Boardman teachers receive grant money to help improve classrooms


By TIM CLEVELAND

tcleveland@vindy.com

Four Boardman Schools teachers applied for and received a total of $4,500 in grants from the Boardman Schools Fund for Educational Excellence.

The teachers were each awarded $1,500 in a ceremony Dec. 10 in Superintendent Frank Lazzeri’s office at Center Middle School.

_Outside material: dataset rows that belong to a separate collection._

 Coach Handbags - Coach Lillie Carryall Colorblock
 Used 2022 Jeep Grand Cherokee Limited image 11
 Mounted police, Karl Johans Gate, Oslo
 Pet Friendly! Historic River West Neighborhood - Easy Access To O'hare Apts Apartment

The teachers who received the grant funds were Glenwood Middle School technology teacher Tim Harker, who will purchase LittleBits tools to encourage collaboration, teamwork, problem solving and promote design thinking process; Center Middle School science teachers Whitney Resch and Sharon Carchedi, who will purchase iPads to create a classroom technology learning station; and Stadium Drive Elementary second-grade teacher Brittany Krestel, who will purchase more than 100 audio books for a classroom listening center to improve reading fluency, accuracy rate and voice inflection.

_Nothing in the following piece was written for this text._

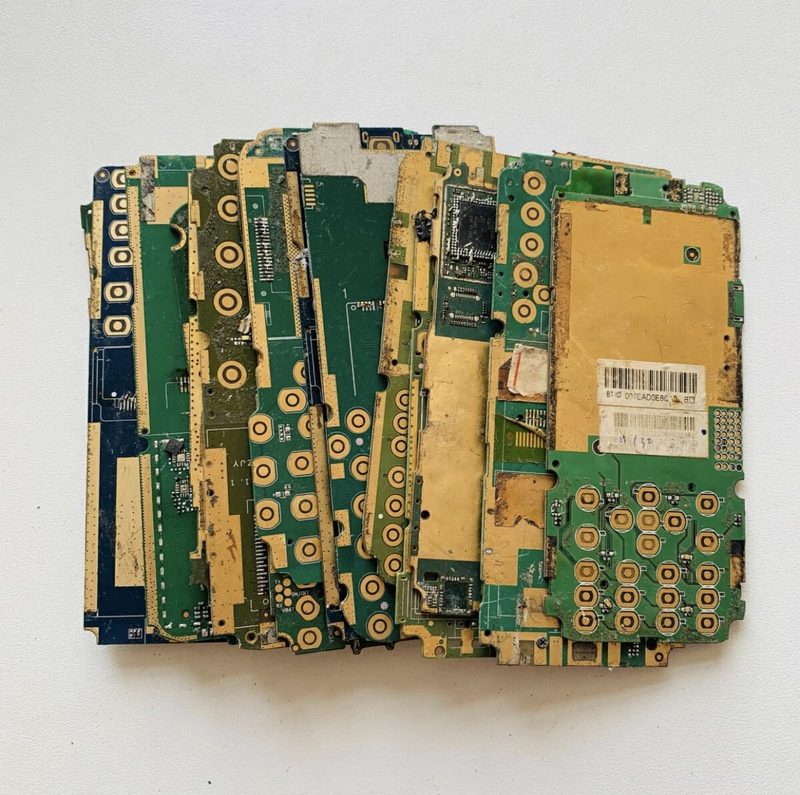 Gold-Plated Scrap, Gold-Plated Mobile Phone Boards, about 50 Pieces Per Pound, Guaranteed Gold Plating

The Boardman Schools Fund for Educational Excellence (BSFEE) has been in existence since 2009 and provides funding for projects to further the educational experience of students. Specifically, the group has an interest in funding projects which “help students develop their talents and interests through the creation of an environment which nurtures high achievement and educational excellence.” The foundation is guided by the Community Foundation of Mahoning Valley.

“The BSFEE began as a means to fund projects that the district cannot afford to fund,” Lazzeri said. “The teacher grant program was initiated because of the Fund Directors’ desire to positively impact as many Boardman students as possible.”

Every September the BSFEE Board sends out an announcement to all teachers asking them to apply for a teacher grant. Lazzeri said every anywhere from 10-25 teachers submit grant applications each grant cycle. A sub-committee of three [BSFEE] board members screen all grant applications and then refer the best three or four applications to the entire nine-member Foundation Board for review. Those three or four teacher grant finalists present to the entire BSFEE Board, who then vote on what grant requests will be funded.

“The Boardman Schools Fund for Educational Excellence helps fund innovative teacher ideas,” Lazzeri said. “With limited school district resources the BSFEE funds these teachers ideas that the district cannot normally afford to fund.”

Lazzeri said the original timeline was to distribute the grant money to the teachers by mid-January.

“However, we have requested the funds from the Community Foundation of the Mahoning Valley [our umbrella organization] and are hopeful to have the funds distributed before our winter recess,” he said.